Nothing should appear in the answer except the lines from the one containing "Loue T2 meublé 13014 Le Merlan" through the end of the records below, written out exactly.

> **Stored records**

↓↓↓

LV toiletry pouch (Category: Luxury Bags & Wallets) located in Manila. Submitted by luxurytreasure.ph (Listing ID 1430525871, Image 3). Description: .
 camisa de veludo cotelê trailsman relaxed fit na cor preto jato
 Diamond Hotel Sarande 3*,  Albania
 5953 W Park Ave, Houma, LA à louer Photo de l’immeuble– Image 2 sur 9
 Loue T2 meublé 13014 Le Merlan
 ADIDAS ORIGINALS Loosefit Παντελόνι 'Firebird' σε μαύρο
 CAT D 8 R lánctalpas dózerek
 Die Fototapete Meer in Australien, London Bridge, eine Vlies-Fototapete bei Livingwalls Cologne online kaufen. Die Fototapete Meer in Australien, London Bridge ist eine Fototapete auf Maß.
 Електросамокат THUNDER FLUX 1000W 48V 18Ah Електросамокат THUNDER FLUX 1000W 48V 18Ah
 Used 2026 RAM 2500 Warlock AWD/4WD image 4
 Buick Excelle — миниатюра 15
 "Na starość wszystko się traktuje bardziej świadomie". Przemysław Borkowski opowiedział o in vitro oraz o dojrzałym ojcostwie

↑↑↑

> **PROBLEM SOLUTION**
 Loue T2 meublé 13014 Le Merlan
 ADIDAS ORIGINALS Loosefit Παντελόνι 'Firebird' σε μαύρο
 CAT D 8 R lánctalpas dózerek
 Die Fototapete Meer in Australien, London Bridge, eine Vlies-Fototapete bei Livingwalls Cologne online kaufen. Die Fototapete Meer in Australien, London Bridge ist eine Fototapete auf Maß.
 Електросамокат THUNDER FLUX 1000W 48V 18Ah Електросамокат THUNDER FLUX 1000W 48V 18Ah
 Used 2026 RAM 2500 Warlock AWD/4WD image 4
 Buick Excelle — миниатюра 15
 "Na starość wszystko się traktuje bardziej świadomie". Przemysław Borkowski opowiedział o in vitro oraz o dojrzałym ojcostwie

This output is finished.